▼▼▼

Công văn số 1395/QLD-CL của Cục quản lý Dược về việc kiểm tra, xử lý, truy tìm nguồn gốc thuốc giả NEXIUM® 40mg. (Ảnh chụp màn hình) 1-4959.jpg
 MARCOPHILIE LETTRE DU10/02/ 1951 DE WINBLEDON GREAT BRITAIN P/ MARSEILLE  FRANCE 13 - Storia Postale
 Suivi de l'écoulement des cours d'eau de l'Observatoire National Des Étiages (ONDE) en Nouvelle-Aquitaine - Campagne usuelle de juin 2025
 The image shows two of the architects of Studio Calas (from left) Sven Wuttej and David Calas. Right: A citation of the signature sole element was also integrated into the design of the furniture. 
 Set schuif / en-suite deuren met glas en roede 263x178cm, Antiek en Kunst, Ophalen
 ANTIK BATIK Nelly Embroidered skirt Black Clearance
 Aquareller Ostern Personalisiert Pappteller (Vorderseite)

▲▲▲

*WHAT TO PRODUCE*: Only the lines from the one that holds "The image shows" through the end of the records should appear in the answer, each restated exactly.

*FINAL ANSWER*:
 The image shows two of the architects of Studio Calas (from left) Sven Wuttej and David Calas. Right: A citation of the signature sole element was also integrated into the design of the furniture. 
 Set schuif / en-suite deuren met glas en roede 263x178cm, Antiek en Kunst, Ophalen
 ANTIK BATIK Nelly Embroidered skirt Black Clearance
 Aquareller Ostern Personalisiert Pappteller (Vorderseite)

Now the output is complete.